Customer Segmentation Tool
Technologies used: Python (FastAPI) • scikit-learn • NumPy • Pandas
This project might be outdated as the repository is no longer maintained.

Python Jupyter Notebook scikit-learn Pandas NumPy Plotly

This project segments customers using K-Means clustering and PCA (Principal Component Analysis). It generates synthetic customer data, runs clustering, and shows results as an interactive scatter plot using Plotly.


Features

  • Generate sample customer data
  • Perform K-Means clustering
  • Apply PCA for 2D visualization
  • Create interactive Plotly scatter plots
  • Includes a Jupyter notebook for exploration

This project demonstrates a practical introduction to customer segmentation using unsupervised machine learning techniques. It leverages K-Means clustering to group customers based on behavioral patterns and applies Principal Component Analysis (PCA) to reduce dimensionality for clear, two-dimensional visualization. To keep the project accessible and self-contained, synthetic customer data is generated programmatically. The final output is an interactive Plotly scatter plot, allowing users to visually explore customer clusters and better understand how segmentation works in real-world analytics scenarios.

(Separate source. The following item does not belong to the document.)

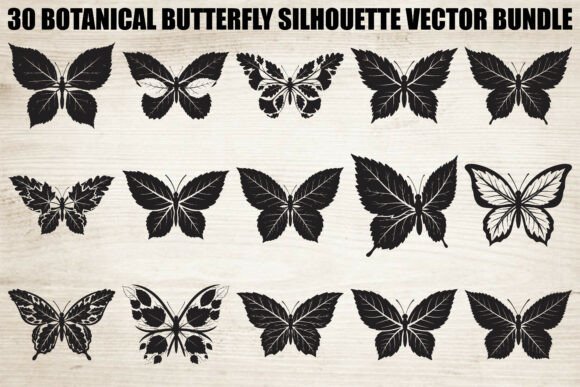Botanical Butterfly Silhouette Bundle: A Creative Resource for Makers and Designers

Designed as a beginner-friendly learning project, the solution includes a clean modular structure, a runnable command-line interface, and an exploratory Jupyter notebook for hands-on analysis. Users can easily adjust the number of clusters, run tests to validate functionality, and view results directly in a browser via generated HTML visualizations. Overall, this project serves as a solid foundation for learning Python-based data analysis, clustering concepts, and interactive data visualization workflows.